The Art Scene: 01.01.15
Mizrahi at Vered
“Haim Mizrahi: Hope in the Shield of David” is on view at Vered Gallery in East Hampton through Jan. 29. An East Hampton resident, Mr. Mizrahi has developed his woven, abstract paintings through the use of acrylic and encaustics.
The gallery’s Holyday group show includes work by Ron Agam, Lili Almog, Larry Rivers, Hunt Slonem, Joan Miro, and Milton Avery, among others.
Two New at Halsey McKay
The Halsey Mckay Gallery in East Hampton is presenting concurrent solo exhibitions by two Toronto-based artists, Georgia Dickie and Vanessa Maltese, through Feb 22.
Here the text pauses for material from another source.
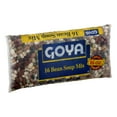 thumbnail image 2 of Goya 16 Bean Soup Mix, 2 of 7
“Awful Residues,” Ms. Dickie’s installation, consists of approximately 20 stacks of found materials, some natural, some industrial, arranged in a grid directly on the floor of the gallery. She has used wood, metal, telephone antennas, brass trim, metal rings, and various other objects whose combination without regard to purpose results in sculptures whose parts will be returned to her studio after the exhibition for possible use in new works.
Ms. Maltese’s show is titled “An Edge Between Appears to Be a Boundary for Some.” When she won the 2012 RBC Canadian Painting Competition, the jury recognized her “ability to reconcile depth and surface, pattern and illustration, material and subject, to create a dynamic, highly resolved composition.”
Arts Grant for Parrish
The Parrish Art Museum in Water Mill will receive a $76,000 grant from the New York State Council on the Arts for the museum’s future exhibition “Andreas Gursky: Nature in Balance,” which will be on view from Aug. 2 through Oct. 18. The council’s Culture and Heritage Project Grants are funded by the New York Regional Economic Development Councils to encourage participation in the arts and to promote tourism.
Mr. Gursky, one of the best-known members of the “Dusseldorf school” of photography, creates monumentally scaled images of urban and natural landscape vistas and large-format architecture. The Parrish exhibition will focus on his images of landscape, water, and architectural detail and will be the first showing of his work on the East End.